Doch es geht bei dem Streifzug nicht nur um Isegrim. An einem Heckenzweig deutet Kaasche auf einen gelblichen Überzug. „Die Flechte hier gibt es nur, wo die Luft gut ist. In der Stadt würde die nicht lange überleben.“ Kurz zuvor hat er im schlammigen Feldrand gekniet und Rehspuren gezeigt. Später wird er erklären, dass Jäger von ihrem Hochsitz aus manche Rehe erlegen müssen, damit die nicht die ganzen frisch gepflanzten Kiefern abnagen. – Fast alle 15 Kinder hängen an den Lippen des 40-Jährigen, der bei den Kindern merklich gut ankommt. „Herr Kaasche, ich hab’ nen Stein gefunden!“ – „Und ich ’ne Spur!“, wetteifern Edward und Emily um die Aufmerksamkeit des Naturführers. Der erklärt, dass es sich um einen Feuerstein handelt und zeigt, wie man damit Funken erzeugt. „Wenn alles hier trocken wär’, würde ich das aber nicht machen!“

Die Streumener Kita-Leiterin Ines Buhler, die auch die Wanderschuhe angeschnürt hat, zeigt sich begeistert, wie lange Kaasche ihre Steppkes bei Laune hält. Der Naturführer registriert mit Augenzwinkern, dass sich hier und da ein paar Knirpse absetzen und den Wald selbst erkunden und nicht bei jedem Wort hinhören. „Die Kinder machen ihr eigenes Erlebnis draus, das ist doch klar“, sagt Kaasche, der als Referent des Kontaktbüros Wolfsregion Lausitz regelmäßig solche Touren macht.

Am Ende der Tour dürfen alle Kinder noch ein echtes Wolfsfell aus amtlichem Bestand angucken und durch einen Wolfsschädel am eigenen Arm spüren, wie kräftig der Kiefer des Tiers ist, ehe es wieder zurück in die Kita geht.

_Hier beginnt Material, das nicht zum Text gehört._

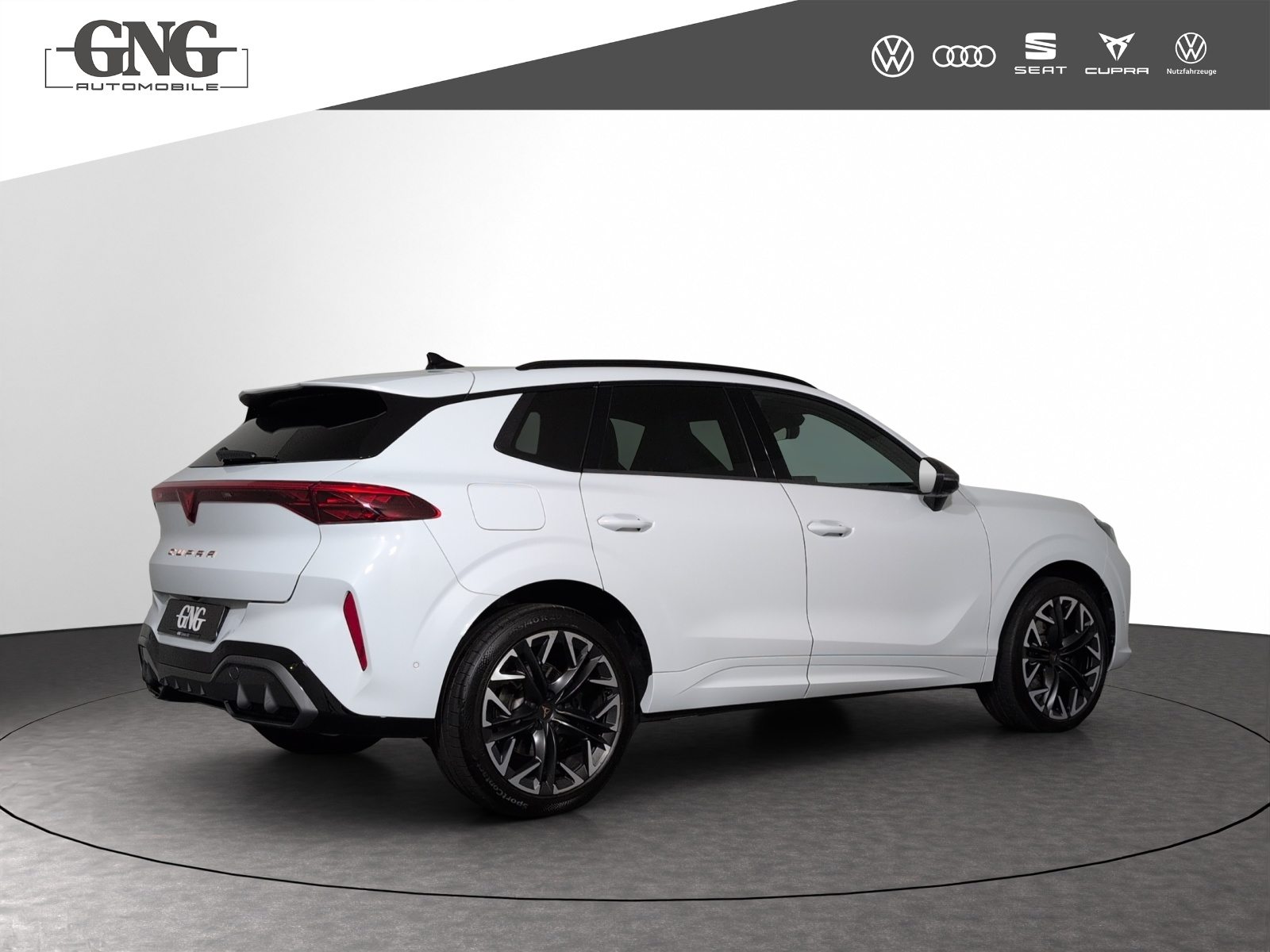 CUPRA TERRAMAR 4DRIVE, Essence, Occasion / Utilisé, Automatique - 3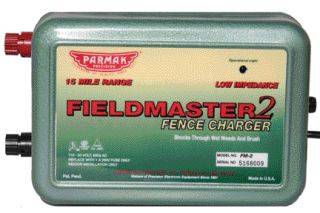 Baygard Fieldmaster Electric Fencer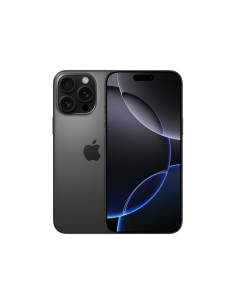 Apple iPhone 16 Pro Max 17,5 cm (6.9") SIM doble iOS 18 5G USB Tipo C 512 GB Negro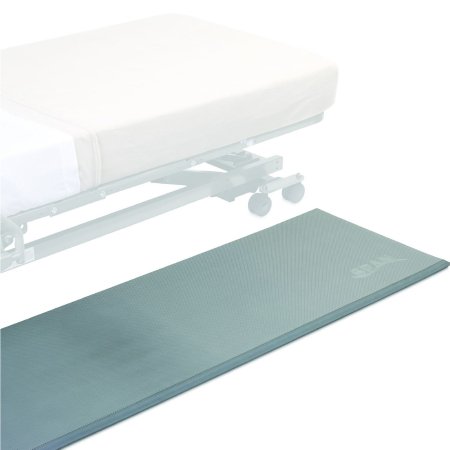 Span America Risk Manager® Fall Protection Mat Elastomeric Gel 24 X 70 X 1 Inch - Each - 37052-EA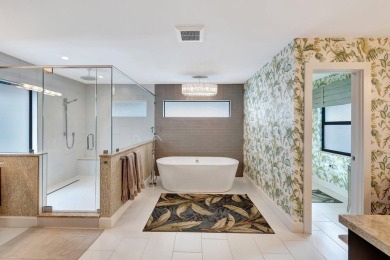 Welcome Home!  Do not miss this beautifully reimagined pool home on Hamlet Country Club in Florida - for sale on GolfHomes.com, golf home, golf lot
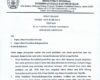 Surat Edaran aturan dan BOS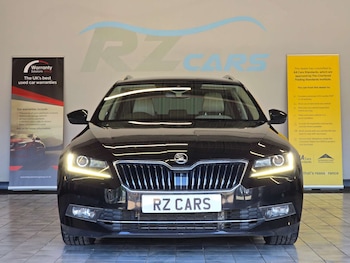 Used Skoda Superb 2018 for sale - 78900221: Photo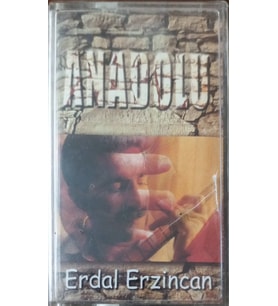 (Plak Değildir KASET tir) Erdal Erzincan Anadolu Kaset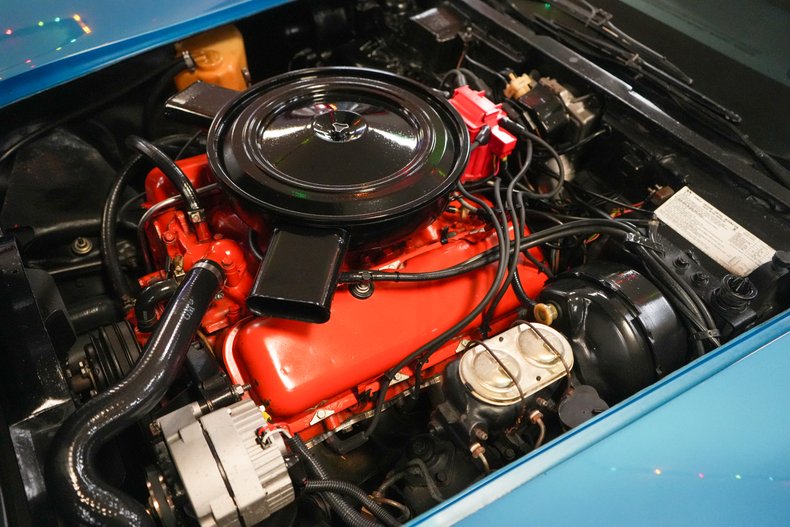 1973 Chevrolet Corvette Stingray 85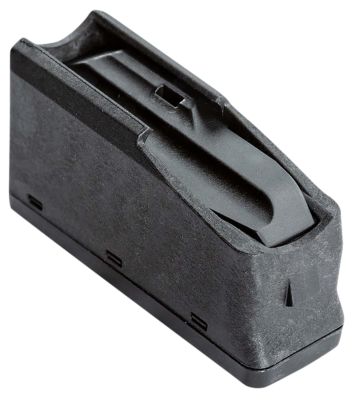 CVA 10 Round 350L/ 300BO/ 204R/ 223RM Magazine for CVA Cascade, Black, Polymer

Angst vorm Wolf? Hat von den Streumener Kita-Kids keins mehr. Sollte ihnen gegen alle Wahrscheinlichkeit doch mal ein Isegrim begegnen? Dann wissen die Kinder, dass sie nicht weglaufen, sondern ihn einschüchtern sollen. Dann verzieht er sich meist von ganz allein.